Shlaer and his colleagues created a numerical simulation of cosmic string loop formation and ran it on a supercomputer cluster at the university. The results told them how big loops are likely to be when they form, and by extrapolating, the researchers calculated the number and size of the loops that might exist in the universe at any given time. The results depend on how taut the strings are—a property determined by the temperature of the universe when they were formed. For a likely range of tensions, the scientists calculated that billions of cosmic string loops could exist today. “The Tufts group has done a heroic job with the string simulations, and they pin down important features of the loop distribution critical for predicting gravitational-wave emission and their effects on millisecond pulsar timing,” says Tanmay Vachaspati, a physicist at Arizona State University in Tempe who wasn’t involved in the research.

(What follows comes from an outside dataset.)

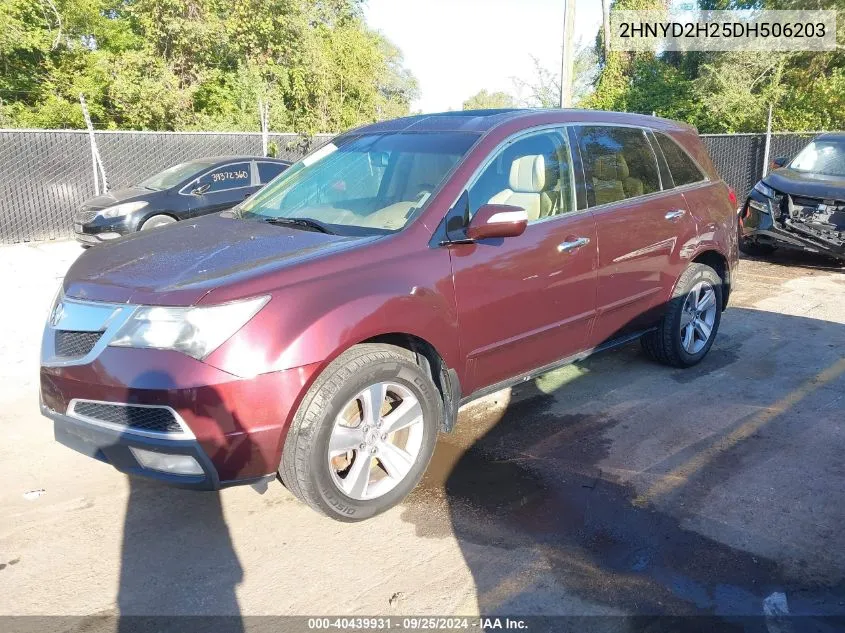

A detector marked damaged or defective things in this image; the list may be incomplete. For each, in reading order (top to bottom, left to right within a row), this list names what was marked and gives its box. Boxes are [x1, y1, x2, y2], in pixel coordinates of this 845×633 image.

damaged black car [736, 132, 844, 262]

The new study gives observers a better idea of what to look for in the quest to find evidence of cosmic strings. The strings would create gravitational waves that could be detectable by elaborate wave-detecting facilities such as LIGO (the Laser Interferometer Gravitational-Wave Observatory) in the U.S. or by studies of rapidly rotating stars called pulsars, which emit beacons of light with clockwork precision. If astronomers on Earth notice a change in the arrival time of light from pulsars, it could mean a gravitational wave has hit our planet. The fact that no evidence for gravitational waves has yet been found already eliminates the possibility of cosmic strings with a given range of tensions. Whether or not any cosmic strings exist is still an open question.
If they are out there, now we know they would be abundant.